##### Data section

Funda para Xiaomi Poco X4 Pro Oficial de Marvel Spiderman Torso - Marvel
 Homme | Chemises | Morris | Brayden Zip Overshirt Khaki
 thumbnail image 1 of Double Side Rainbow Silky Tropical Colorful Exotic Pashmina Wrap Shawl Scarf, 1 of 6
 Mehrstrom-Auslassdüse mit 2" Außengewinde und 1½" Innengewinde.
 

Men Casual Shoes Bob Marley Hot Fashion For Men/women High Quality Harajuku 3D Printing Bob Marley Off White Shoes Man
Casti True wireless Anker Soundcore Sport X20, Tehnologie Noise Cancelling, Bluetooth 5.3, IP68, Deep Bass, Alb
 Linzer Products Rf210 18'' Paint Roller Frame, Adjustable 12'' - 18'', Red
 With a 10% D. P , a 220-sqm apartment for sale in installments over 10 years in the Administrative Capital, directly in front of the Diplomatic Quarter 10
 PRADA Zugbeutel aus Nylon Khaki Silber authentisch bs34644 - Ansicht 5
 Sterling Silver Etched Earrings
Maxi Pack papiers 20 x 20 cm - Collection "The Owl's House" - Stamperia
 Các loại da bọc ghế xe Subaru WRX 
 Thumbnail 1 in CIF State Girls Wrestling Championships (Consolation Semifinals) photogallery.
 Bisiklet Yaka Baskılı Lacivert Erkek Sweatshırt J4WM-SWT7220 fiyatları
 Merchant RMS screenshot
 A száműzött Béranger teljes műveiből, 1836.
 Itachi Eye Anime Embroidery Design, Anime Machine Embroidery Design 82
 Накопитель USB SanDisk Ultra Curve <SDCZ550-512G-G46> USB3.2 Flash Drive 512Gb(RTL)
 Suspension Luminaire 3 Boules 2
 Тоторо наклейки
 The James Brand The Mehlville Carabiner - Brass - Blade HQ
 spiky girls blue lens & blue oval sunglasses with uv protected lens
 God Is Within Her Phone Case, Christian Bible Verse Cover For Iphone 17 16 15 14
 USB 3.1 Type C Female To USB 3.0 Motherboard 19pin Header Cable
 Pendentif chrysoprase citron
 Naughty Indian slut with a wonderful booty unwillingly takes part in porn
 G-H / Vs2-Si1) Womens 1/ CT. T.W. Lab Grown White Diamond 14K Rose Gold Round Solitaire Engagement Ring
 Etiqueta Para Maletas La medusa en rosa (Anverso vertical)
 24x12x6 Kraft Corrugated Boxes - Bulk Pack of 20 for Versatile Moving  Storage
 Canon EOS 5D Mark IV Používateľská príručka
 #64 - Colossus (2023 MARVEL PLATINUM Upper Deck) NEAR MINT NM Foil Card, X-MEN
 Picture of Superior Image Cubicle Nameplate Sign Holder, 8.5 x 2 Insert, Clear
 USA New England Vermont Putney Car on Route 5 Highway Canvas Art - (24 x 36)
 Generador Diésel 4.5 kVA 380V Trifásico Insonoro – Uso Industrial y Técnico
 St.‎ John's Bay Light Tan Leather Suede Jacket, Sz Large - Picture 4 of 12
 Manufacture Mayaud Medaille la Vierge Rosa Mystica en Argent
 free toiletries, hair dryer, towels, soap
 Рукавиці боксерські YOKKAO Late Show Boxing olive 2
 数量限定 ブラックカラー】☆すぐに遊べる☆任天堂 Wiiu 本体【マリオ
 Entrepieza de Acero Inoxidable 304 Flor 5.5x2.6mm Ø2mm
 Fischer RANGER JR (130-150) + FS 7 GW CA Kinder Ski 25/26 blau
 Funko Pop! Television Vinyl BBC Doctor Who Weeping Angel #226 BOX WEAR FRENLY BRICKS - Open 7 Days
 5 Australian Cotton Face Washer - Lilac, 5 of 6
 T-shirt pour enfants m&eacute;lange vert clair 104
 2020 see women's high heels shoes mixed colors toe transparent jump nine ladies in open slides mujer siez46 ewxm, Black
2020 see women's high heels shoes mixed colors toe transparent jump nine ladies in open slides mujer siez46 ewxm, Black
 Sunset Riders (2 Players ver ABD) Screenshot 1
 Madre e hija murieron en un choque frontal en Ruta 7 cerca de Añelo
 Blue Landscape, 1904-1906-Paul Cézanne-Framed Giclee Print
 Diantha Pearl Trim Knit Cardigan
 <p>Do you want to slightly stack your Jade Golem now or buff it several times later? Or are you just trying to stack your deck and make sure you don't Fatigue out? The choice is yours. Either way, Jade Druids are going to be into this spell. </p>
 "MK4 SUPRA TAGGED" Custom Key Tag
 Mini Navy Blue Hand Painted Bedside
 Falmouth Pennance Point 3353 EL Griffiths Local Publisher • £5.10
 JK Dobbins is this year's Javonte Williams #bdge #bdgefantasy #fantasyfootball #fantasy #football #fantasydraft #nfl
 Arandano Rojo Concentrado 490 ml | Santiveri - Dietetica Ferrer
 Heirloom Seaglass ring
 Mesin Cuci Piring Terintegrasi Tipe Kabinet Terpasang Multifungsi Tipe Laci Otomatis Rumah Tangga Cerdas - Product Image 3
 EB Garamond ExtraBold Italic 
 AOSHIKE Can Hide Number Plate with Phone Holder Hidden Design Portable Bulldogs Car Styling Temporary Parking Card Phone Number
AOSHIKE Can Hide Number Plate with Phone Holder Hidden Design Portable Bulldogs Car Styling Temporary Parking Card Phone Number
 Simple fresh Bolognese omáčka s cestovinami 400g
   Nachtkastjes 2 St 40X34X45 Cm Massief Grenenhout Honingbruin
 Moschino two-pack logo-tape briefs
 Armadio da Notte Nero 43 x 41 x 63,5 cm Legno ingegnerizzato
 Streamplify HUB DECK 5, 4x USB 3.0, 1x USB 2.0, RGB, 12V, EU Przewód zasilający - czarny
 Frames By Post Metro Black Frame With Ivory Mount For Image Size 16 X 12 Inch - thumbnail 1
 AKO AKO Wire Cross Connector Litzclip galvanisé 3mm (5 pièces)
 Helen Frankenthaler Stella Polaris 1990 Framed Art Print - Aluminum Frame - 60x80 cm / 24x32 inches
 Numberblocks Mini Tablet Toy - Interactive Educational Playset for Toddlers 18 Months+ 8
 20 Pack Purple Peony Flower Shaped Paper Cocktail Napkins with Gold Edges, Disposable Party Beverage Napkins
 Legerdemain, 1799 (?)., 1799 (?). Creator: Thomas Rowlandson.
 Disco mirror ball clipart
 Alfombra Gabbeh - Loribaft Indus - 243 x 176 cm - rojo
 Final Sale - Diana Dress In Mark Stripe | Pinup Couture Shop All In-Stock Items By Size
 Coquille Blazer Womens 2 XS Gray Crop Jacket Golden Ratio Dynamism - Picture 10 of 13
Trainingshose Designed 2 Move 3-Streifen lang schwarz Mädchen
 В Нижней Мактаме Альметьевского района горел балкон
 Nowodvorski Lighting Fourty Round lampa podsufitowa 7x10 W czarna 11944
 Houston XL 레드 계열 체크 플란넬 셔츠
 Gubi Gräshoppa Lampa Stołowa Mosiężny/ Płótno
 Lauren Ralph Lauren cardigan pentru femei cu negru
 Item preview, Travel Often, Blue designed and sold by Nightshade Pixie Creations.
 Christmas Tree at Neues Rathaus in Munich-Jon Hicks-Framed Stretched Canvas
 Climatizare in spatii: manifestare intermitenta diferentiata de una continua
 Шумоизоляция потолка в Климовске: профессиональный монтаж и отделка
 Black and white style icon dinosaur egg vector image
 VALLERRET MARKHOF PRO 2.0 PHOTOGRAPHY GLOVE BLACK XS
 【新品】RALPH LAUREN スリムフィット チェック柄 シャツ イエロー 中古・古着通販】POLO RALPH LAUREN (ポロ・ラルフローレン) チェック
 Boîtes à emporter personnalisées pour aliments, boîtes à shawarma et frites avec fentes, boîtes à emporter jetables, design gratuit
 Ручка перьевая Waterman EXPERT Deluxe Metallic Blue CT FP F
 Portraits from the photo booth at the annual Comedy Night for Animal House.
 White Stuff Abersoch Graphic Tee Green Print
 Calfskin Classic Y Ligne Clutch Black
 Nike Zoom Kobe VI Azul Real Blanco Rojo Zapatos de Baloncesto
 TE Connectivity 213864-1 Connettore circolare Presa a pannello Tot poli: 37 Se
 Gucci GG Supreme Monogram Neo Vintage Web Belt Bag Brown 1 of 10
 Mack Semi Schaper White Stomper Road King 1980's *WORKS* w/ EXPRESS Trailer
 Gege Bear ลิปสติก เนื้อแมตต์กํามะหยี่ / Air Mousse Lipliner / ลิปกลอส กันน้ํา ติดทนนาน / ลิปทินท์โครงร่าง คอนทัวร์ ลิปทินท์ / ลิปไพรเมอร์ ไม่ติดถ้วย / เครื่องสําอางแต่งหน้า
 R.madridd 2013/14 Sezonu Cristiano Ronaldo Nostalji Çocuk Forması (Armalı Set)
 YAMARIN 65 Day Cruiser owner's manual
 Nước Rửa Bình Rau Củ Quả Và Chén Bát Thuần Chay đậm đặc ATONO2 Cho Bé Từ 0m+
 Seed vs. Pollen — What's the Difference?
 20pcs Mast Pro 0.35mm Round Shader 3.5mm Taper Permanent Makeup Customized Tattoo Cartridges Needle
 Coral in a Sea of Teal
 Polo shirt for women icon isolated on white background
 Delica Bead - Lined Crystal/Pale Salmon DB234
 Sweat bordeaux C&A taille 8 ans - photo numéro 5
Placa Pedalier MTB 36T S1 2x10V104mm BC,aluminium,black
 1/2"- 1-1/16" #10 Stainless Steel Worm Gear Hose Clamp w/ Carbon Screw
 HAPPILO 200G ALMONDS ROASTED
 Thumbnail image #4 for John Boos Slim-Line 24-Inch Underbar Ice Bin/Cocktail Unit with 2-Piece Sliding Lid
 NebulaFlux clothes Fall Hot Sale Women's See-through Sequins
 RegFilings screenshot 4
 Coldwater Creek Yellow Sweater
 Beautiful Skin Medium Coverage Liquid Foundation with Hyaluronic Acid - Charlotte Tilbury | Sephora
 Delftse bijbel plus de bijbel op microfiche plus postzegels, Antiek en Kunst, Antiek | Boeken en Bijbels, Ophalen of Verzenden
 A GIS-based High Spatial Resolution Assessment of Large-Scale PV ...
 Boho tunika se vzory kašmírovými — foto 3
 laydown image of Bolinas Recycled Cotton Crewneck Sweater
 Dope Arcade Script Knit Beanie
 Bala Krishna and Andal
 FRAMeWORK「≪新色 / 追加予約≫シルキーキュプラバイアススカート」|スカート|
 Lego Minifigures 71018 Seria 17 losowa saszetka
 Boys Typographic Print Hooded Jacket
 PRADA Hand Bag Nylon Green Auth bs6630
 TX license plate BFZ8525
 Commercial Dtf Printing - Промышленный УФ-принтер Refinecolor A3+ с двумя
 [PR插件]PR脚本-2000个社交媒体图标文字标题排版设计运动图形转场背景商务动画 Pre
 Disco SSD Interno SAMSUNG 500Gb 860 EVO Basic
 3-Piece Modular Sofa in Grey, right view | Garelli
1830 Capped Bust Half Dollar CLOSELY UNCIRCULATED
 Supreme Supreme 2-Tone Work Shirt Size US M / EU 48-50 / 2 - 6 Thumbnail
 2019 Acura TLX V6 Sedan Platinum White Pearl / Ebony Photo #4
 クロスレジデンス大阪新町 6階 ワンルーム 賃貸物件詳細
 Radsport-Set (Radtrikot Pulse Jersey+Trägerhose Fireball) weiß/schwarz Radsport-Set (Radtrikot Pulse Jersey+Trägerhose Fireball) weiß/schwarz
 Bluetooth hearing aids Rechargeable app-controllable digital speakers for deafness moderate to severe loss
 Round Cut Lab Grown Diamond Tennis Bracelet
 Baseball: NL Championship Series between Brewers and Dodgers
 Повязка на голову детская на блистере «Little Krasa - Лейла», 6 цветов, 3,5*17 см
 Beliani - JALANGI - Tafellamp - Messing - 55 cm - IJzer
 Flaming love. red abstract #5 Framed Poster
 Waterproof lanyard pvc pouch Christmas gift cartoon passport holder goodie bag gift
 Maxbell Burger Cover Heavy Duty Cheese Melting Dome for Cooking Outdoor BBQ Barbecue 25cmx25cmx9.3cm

##########

## Problem details
Taking the listing above as the source, transcribe only the lines starting at the line with "Disco mirror ball clipart" and going through the line with "TE Connectivity 213864-1", unaltered and with both ends included.

## Exercise answer
 Disco mirror ball clipart
 Alfombra Gabbeh - Loribaft Indus - 243 x 176 cm - rojo
 Final Sale - Diana Dress In Mark Stripe | Pinup Couture Shop All In-Stock Items By Size
 Coquille Blazer Womens 2 XS Gray Crop Jacket Golden Ratio Dynamism - Picture 10 of 13
Trainingshose Designed 2 Move 3-Streifen lang schwarz Mädchen
 В Нижней Мактаме Альметьевского района горел балкон
 Nowodvorski Lighting Fourty Round lampa podsufitowa 7x10 W czarna 11944
 Houston XL 레드 계열 체크 플란넬 셔츠
 Gubi Gräshoppa Lampa Stołowa Mosiężny/ Płótno
 Lauren Ralph Lauren cardigan pentru femei cu negru
 Item preview, Travel Often, Blue designed and sold by Nightshade Pixie Creations.
 Christmas Tree at Neues Rathaus in Munich-Jon Hicks-Framed Stretched Canvas
 Climatizare in spatii: manifestare intermitenta diferentiata de una continua
 Шумоизоляция потолка в Климовске: профессиональный монтаж и отделка
 Black and white style icon dinosaur egg vector image
 VALLERRET MARKHOF PRO 2.0 PHOTOGRAPHY GLOVE BLACK XS
 【新品】RALPH LAUREN スリムフィット チェック柄 シャツ イエロー 中古・古着通販】POLO RALPH LAUREN (ポロ・ラルフローレン) チェック
 Boîtes à emporter personnalisées pour aliments, boîtes à shawarma et frites avec fentes, boîtes à emporter jetables, design gratuit
 Ручка перьевая Waterman EXPERT Deluxe Metallic Blue CT FP F
 Portraits from the photo booth at the annual Comedy Night for Animal House.
 White Stuff Abersoch Graphic Tee Green Print
 Calfskin Classic Y Ligne Clutch Black
 Nike Zoom Kobe VI Azul Real Blanco Rojo Zapatos de Baloncesto
 TE Connectivity 213864-1 Connettore circolare Presa a pannello Tot poli: 37 Se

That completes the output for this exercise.